On Wed, Sep 07, 2005 at 06:50:00PM -0400, Joe Smith wrote:
> While I would like to belive that the FSF knew exactly what they were 
> doing, I am not certain.
> 
> It is generally belived that the GPL 'derivative' clauses may actually be 
> upheld in the case of static libraries. The fact that linking the .o's of 
> the library directly with your program is equivelent to linking the library 
> with the object files of your program, seems to verify this.
> 
> The question still debated is whether Shared libraries are like this also.

It's the wrong question. This is a FAQ here.

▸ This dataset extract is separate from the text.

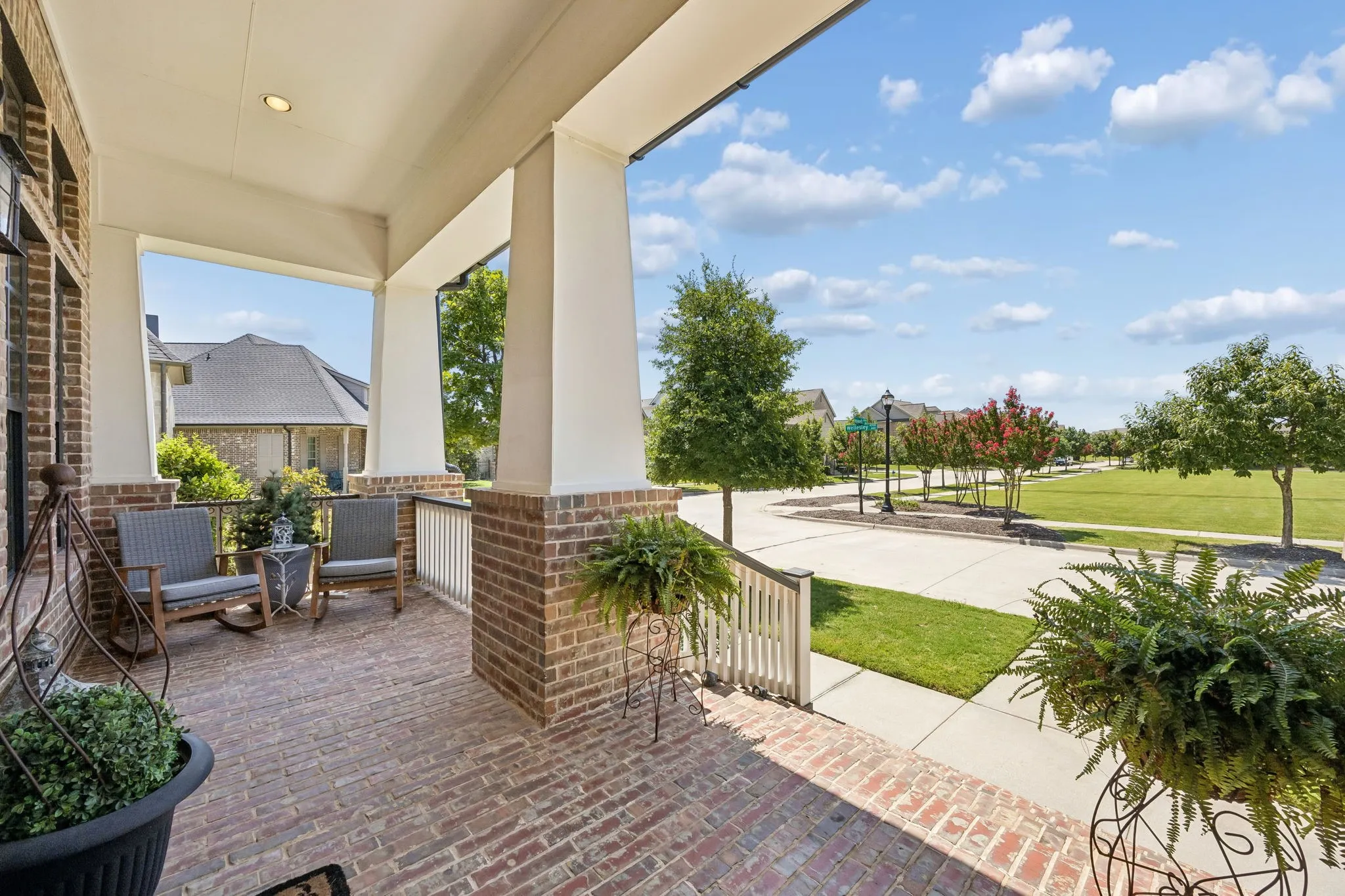 Welcoming front porch looking out to an expansive greenbelt.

Stop thinking about libraries. Libraries are not relevant. You're
getting misled by technial details of how libraries are implemented,
when in fact the whole issue is a red herring. Start thinking about
source.

The question you need to ask yourself is: Is this piece of software, in
source form, a derivative of openssl?

If it has been written to include and extend the behaviour of openssl
by calling its functions - for example, the piece of software is an
implementation of HTTPS, an SSL-derived protocol - then the source is
probably a derivative of openssl.

The shared library form is then trivially a derivative because it's a
transformation of the source, but we don't actually care about that -
the fact that the source is a derivative is enough to be a blocking
issue.

You will note that this allows for the possibility of software linked
to openssl that is not a derivative of it. The trivial example is to
take a copy of GNU hello, and add "-lssl" to LDFLAGS. That doesn't
make it a derivative of openssl.

You will also note that this excludes the possibility of being able to
evade copyright law via technicalities of how you build the
software. That's an expected property of a well-formulated law.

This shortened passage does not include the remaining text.